* **Activity**
The data below contains pictures, which are to be skipped; the lines starting at the line with "Bazén v ubytování" and ending at the line with "Rosedale Lakeside Lodge" are to be output exactly, both ends included.

* **Provided information**
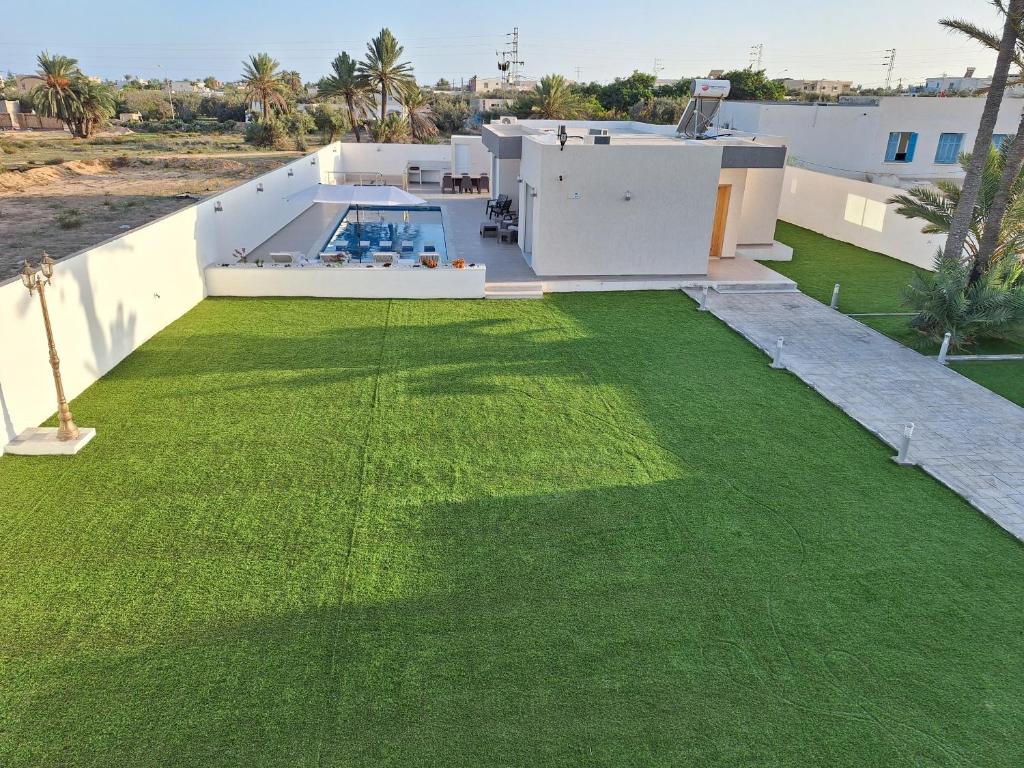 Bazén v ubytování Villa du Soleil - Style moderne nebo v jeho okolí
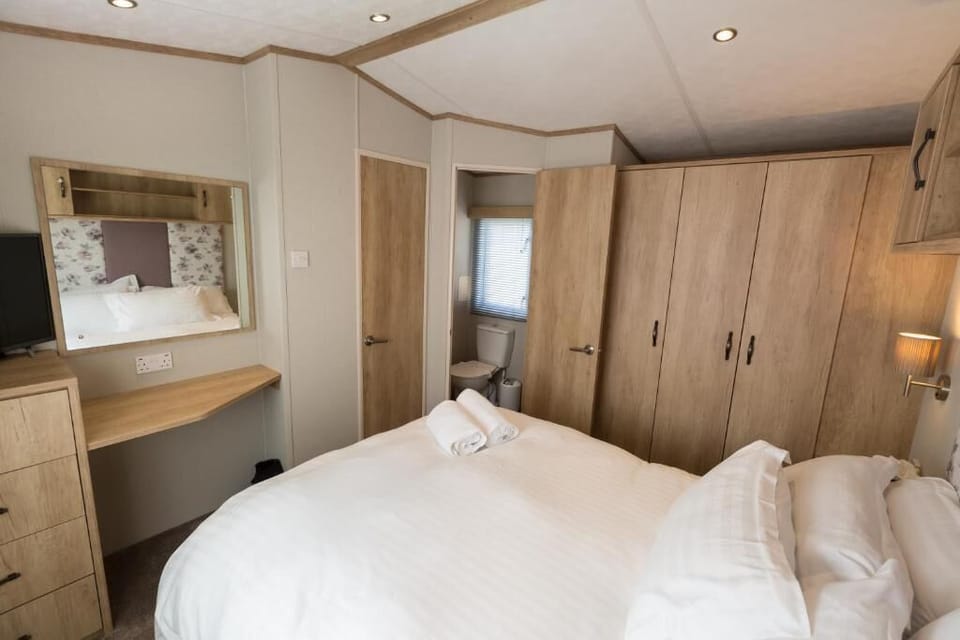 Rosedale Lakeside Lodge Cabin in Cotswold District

--

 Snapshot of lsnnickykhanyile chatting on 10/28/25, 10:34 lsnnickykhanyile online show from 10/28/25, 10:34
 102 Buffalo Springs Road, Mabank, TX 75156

* **Written reply**
 Bazén v ubytování Villa du Soleil - Style moderne nebo v jeho okolí
 Rosedale Lakeside Lodge Cabin in Cotswold District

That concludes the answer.